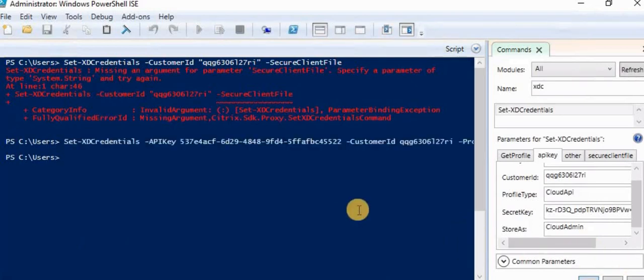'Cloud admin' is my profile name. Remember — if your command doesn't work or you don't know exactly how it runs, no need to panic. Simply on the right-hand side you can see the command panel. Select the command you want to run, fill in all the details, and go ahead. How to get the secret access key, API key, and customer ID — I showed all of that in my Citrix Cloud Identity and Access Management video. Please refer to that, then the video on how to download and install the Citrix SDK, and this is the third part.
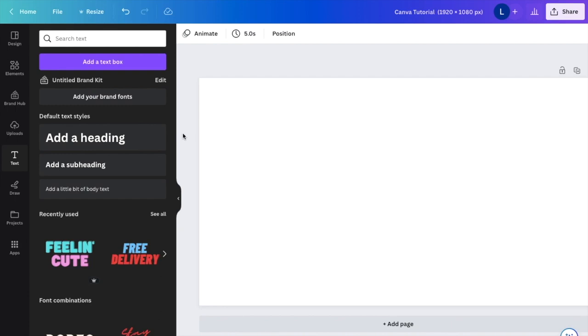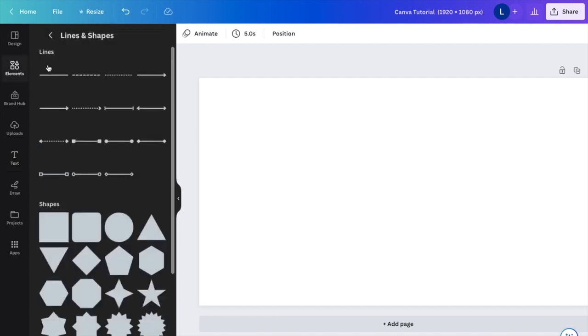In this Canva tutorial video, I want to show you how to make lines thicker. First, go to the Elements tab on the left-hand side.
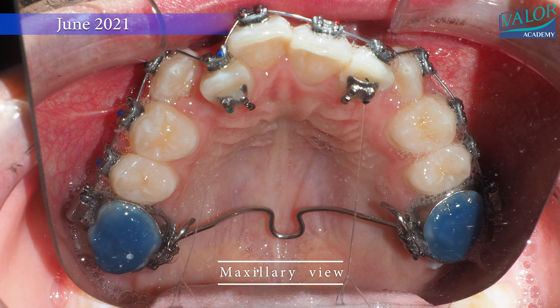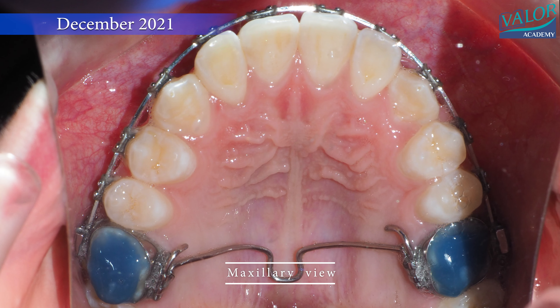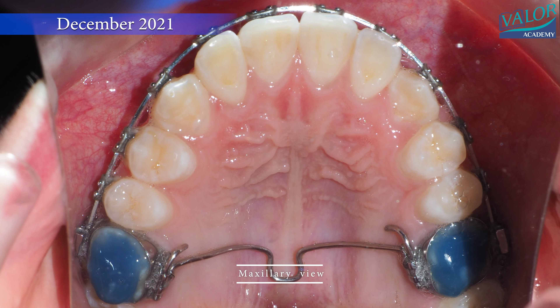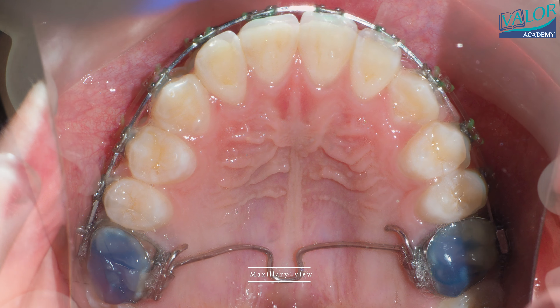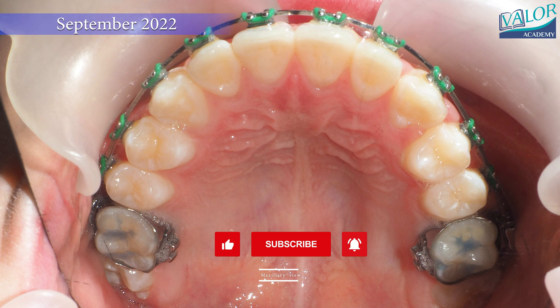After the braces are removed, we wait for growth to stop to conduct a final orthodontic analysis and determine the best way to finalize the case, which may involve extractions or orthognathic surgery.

→ ABOUT THIS TASK: Each line from the one containing "In this Canva" through the last line of the listing is to be given again exactly, with no pictures and no other lines.

→ RESPONSE TO THIS EXERCISE:
In this Canva tutorial video, I want to show you how to make lines thicker. First, go to the Elements tab on the left-hand side.
After the braces are removed, we wait for growth to stop to conduct a final orthodontic analysis and determine the best way to finalize the case, which may involve extractions or orthognathic surgery.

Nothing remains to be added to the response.